In system 100, the front-end receiver 101 and base-band processor 104 are implemented on separate chips (on separate silicon substrates), and are thus separate integrated circuits (ICs). As mentioned above, handshaking signals are communicated between the front-end receiver 101 and base-band processor 104. In this example, a real-time loop is implemented via handshaking lines 112 for communicating status information from front-end receiver 101 to base-band processor 104, and via the Inter-Integrated Circuit (I2C) interface, Serial Peripheral Interface (SPI), or Two Wire (TW) interface 113 for communicating information from host CPU 110 to front-end receiver 101. Information such as channel is tuned (phase-locked loop (PLL) is locked) is communicated from front-end receiver 101 to base-band processor 104 via lines 112, and information such as an increase/decrease in gain due to IF converter operations is communicated from host CPU 110 to front-end receiver 101 via the I2C interface 113.
The real time loop is needed in this architecture for making inaudible channel changes or channel checks (also called AF update), as examples.
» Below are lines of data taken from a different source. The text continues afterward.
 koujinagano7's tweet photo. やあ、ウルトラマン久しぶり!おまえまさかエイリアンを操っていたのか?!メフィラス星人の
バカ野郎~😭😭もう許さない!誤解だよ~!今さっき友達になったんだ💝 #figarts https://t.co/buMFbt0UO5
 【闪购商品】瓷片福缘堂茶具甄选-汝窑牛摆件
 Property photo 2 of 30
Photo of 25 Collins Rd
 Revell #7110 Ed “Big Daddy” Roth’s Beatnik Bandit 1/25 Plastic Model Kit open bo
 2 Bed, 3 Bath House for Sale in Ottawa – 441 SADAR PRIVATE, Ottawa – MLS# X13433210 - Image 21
Thus, in this conventional architecture 100 the payload (e.g., the analog IF signals for the received RF signals) is communicated from front-end receiver 101 to base-band processor 104 via a first interface 111, and separate interface(s), such as interfaces 112 and 113, are employed for exchanging status information between the front-end receiver 101 and base-band processor 104/host CPU 110. For instance, the status information communicated via the real time loop is communicated separate from the payload.
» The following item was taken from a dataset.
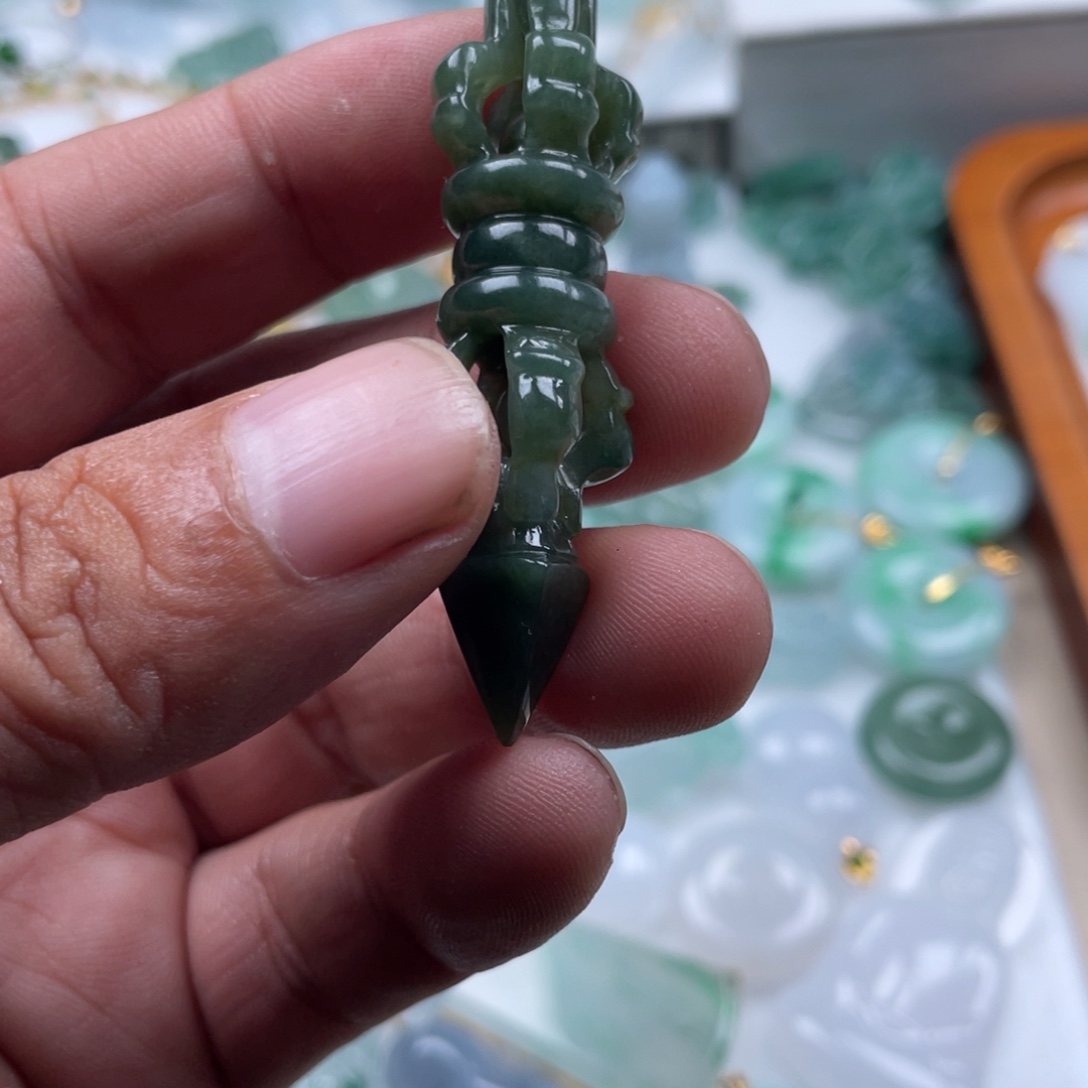 翡翠未镶嵌颈饰翡翠冰黄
Again, in this conventional architecture 100, dedicated processor 104 performs the AM/FM demodulation controlled by host CPU 110. Thus, dedicated processor 104 is implemented for processing the payload signal received from front-end receiver 101, while a separate host CPU 110 is implemented for to control base-band processor 104 and front-end receiver 101. Furthermore the CPU can initiate an action, e.g., channel change, via interface 113. The action itself is executed between tuner 103 and base-band processor 104 by use of status information communicated between the front-end receiver 101 and the base-band processor 104 via interface 112.
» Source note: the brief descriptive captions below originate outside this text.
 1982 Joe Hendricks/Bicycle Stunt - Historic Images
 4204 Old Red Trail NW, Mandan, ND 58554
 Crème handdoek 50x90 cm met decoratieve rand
More recently, software-defined radio systems have been proposed. In general, a software-defined radio system, or SDR, is a radio communication system where components that have conventionally been implemented in hardware (e.g., mixers, filters, amplifiers, modulators/demodulators, detectors, etc.) are instead implemented by means of software on a personal computer or embedded computing devices. A basic SDR system may include, for example, a personal computer equipped with a sound card, or other analog-to-digital converter (ADC), preceded by some form of RF front-end, such as the front-end receiver 101 of FIG. 1. Significant amounts of signal processing may be handed over to the general-purpose processor, rather than being done in special-purpose hardware, such as the dedicated digital signal processor (DSP) 104 of FIG. 1. SDR architectures may enable a radio which can receive and transmit widely different radio protocols (sometimes referred to as a waveforms) based solely on the software used.